Quanto alle competenze, si prediligono quelle tecniche (78%), seguite da quelle commerciali (35%). Non a caso, i sales sono gli unici ad avere avuto un incremento salariale a due cifre nell’ultimo triennio in Italia (+15%), come risulta dall’ultimo report sulle retribuzioni di Towers Watson. In generale, comunque, chi ha talento è giovane, dotato di intelligenza sopra la media e ad alto potenziale, ovvero ha la capacità di crescere professionalmente e di assumere elevate responsabilità in tempi rapidi, ma può essere anche una persona dotata di spiccate competenze professionali distintive, particolarmente utili all’azienda. Quasi una su due (47%) dichiara di avere un numero di talenti tra l’1 e il 5% dei dipendenti. Solo il 4% supera il 15% e, con riferimento agli ultimi tre anni, l’80% dice di aver reclutato un numero inferiore al 5% tra impiegati e dirigenti.

Gli strumenti di recruiting più usati sono quelli tradizionali: valutazione dei curriculum vitae, interviste sulle competenze e interviste biografiche. I canali di ricerca principali sono le auto-candidature e le società di ricerca e selezione. Ancora pionieristico il ricorso alle società di recruitment online e ai social network professionali.

In generale, nella ricerca di personale prevale un’ottica di breve periodo, in base alla necessità di coprire ruoli vacanti (94%), che non secondo campagne pianificate e continuative, indipendenti dalle posizioni aperte in quel momento. Infatti, la maggior parte delle medie imprese italiane non ha ancora un sistema strutturato di talent management (il 94%, di cui il 39% non ce l’ha e non è interessato a introdurlo e il 55% non ce l’ha, ma intende introdurlo in futuro).

Gli imprenditori e il talento, un binomio da cui dipendono le performance di business

Sulla base del diverso modo di trattare i talenti, gli imprenditori si dividono in: disinteressati al talento (30%), «person-oriented» (47%) ed «expertise-oriented» (23%). In particolare, i disinteressati considerano il talento una competenza tecnica e non riservano specifiche azioni, né in fase di recruiting né di sviluppo, gestendolo come e insieme alle altre risorse.
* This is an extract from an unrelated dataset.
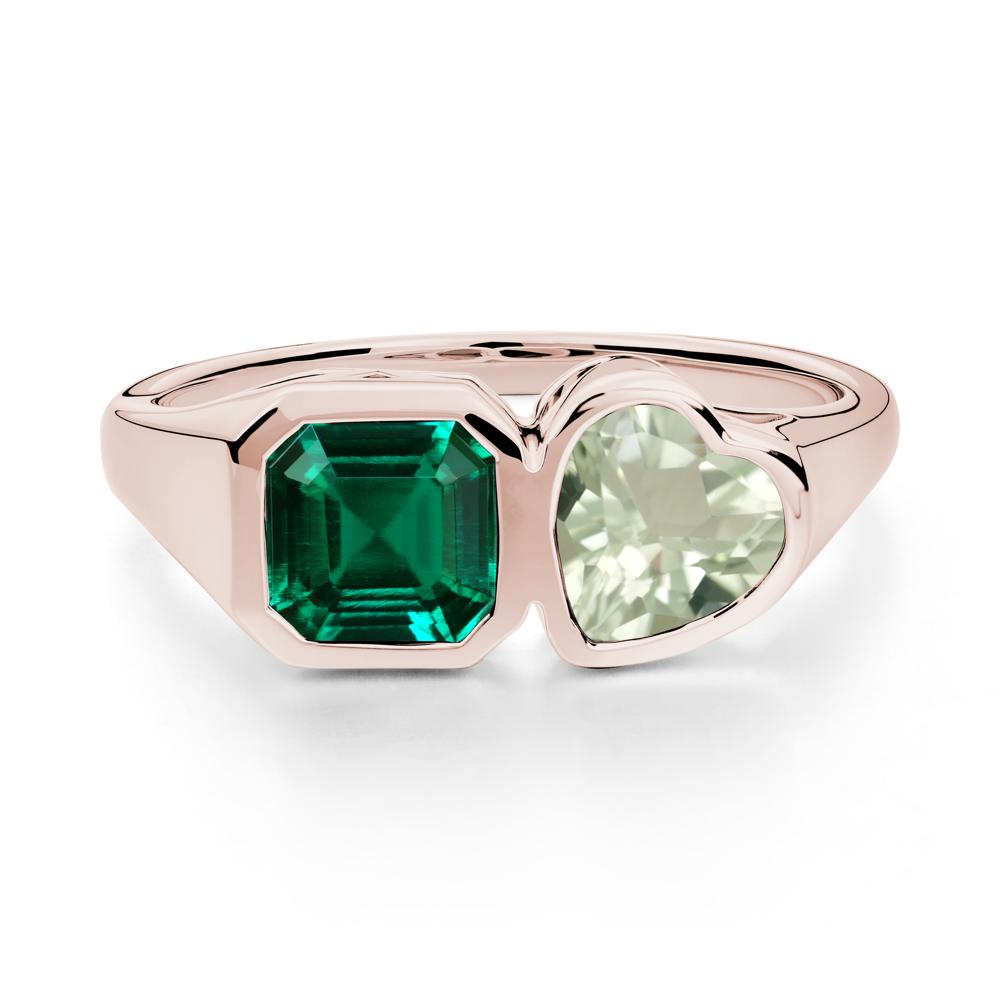 Asscher and Heart Shaped Emerald and Green Amethyst Tet Moi Ring - LUO Jewelry #metal_14k rose gold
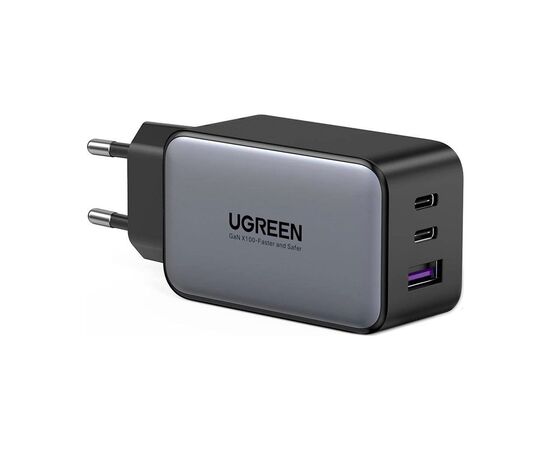 Зарядний пристрій Ugreen 3xUSB 65W GaN (2хUSB-C+USB-A) CD244 Grey (10335)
Da questo approccio derivano performance inferiori alle potenzialità e un ridotto tempo di permanenza. Si tratta di aziende nazionali, a controllo familiare, con un fatturato compreso tra 10 e 49 milioni di euro e con un numero di dipendenti compreso tra 50 e 249. Le aziende «person-oriented», invece, multinazionali a controllo familiare, hanno una strategia di gestione dei talenti più definita, basata sul fatto che il talento sia legato al potenziale della persona e alla sua capacità di apprendimento. Quindi, ricercano soprattutto decision making e propensione al cambiamento. La maggior parte non possiede un vero e proprio sistema di talent management, ma manifesta attenzione al tema e volontà d’introdurlo.

Gli «expertice-oriented» sono il profilo meno numeroso, corrisponde ad aziende non a controllo familiare, con un fatturato tra 10 e 250 milioni di euro e un numero di dipendenti fino a 250, che è anche il più evoluto in termini di strategie di talent management. Vedono il talento come competenza professionale, quindi oltre a ricercare capacità di decision making e attitudine al cambiamento, ritengono molto importante l’expertise. Utilizzano con più frequenza ed efficacia gli strumenti avanzati e quelli di employer branding (career day, pubblicità e comunicazione). Sono anche più abili a trattenere i talenti: ne valorizzano crescita e sviluppo con formazione, mentoring, coach, job rotation e anche work-life balance. Job rotation ed executive coaching, in particolare, sono gli strumenti di gestione dei talenti risultati più critici, mentre la formazione resta la più efficace.